A longstanding MR reader writes to me:
My father will be granted
an honorary doctorate from a European university. While he is
undoubtedly deserving of the honor (he is a well-known professor in his
field), I don't understand the European institution's incentives in
granting the doctorate. My father in not from Europe, holds no degrees
from there, has never worked there, and is unlikely to attract others
to go there. Outside of altruism, why is he being honored? More
broadly, why would any university grant an honorary degree, especially
relatively high-status universities of the Stanford/MIT/Oxbridge ilk?
Especially when conferred to non-academics, don't such degrees dilute
the brand value of the university?
I can think of a few reasons for honorary doctorates:
1. The recipient is a major donor or potential major donor or friend of major donors.
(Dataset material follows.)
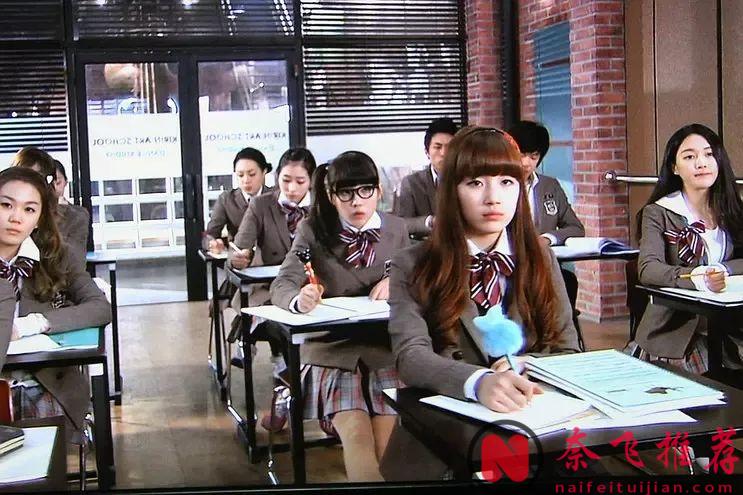 网友票选「人生第一部韩剧」，这14部有没有你的入坑清单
2. The awarding of the doctorate creates press releases and attracts attention for the university. If the recipient is sufficiently prestigious, this involves no reputational cost for the granting institution and perhaps it creates slight reputational benefits. The university also has some chance to make a favorable impression on famous people.
3. Awarding the degree signals the strength of interest groups within the university. Some universities have squabbled over whether President Obama should be given an honorary degree. Last year St. Ambrose, a Catholic school in Iowa, awarded an honorary degree to a "pro-abortion activist," as it was described. In 1985 Oxford broke precedent and refused to award Margaret Thatcher an honorary degree, as the school had done with previous Prime Ministers. They were upset that she had cut funding for British universities.
4. An honorary degree may spur student interest in the school and in the graduation ceremonies, such as when Knox College awarded Stephen Colbert an honorary degree in 2006. Keep in mind that current students are often future donors, so you want to give them a ceremony to remember.
5. Honorary degrees are often a lure to attract commencement speakers.
Cambridge University has given honorary degrees to Albert Einstein, Nelson Mandela, Bill Gates, and now its roadsweeper. I guess they don't want to seem intellectually elitist. Yale gave Paul McCartney an honorary degree.
The UC system gave 700 honorary degrees to former Japanese-American students, namely the ones who were placed in concentration camps during WWII. They thought this was the right thing to do and it may have garnered them points with some local Asian communities.
The question in my mind is the opposite of the reader's: why does anyone accept honorary degrees? Maybe it's hard to say no. David Schindler, a leading environmental scientist, has the right idea:
…there is a saturation limit. I've started to turn down about half of
the honorary degree invitations. I feel badly about it, but each one
takes at least three days, including travel, and I am starting to feel
anxious about the few years I have left to accomplish things that I
want to do.
The practice of honorary degrees dates back to medieval times. The Archbishop of Canterbury has the power to award (non-honorary) degrees, in what I am not sure.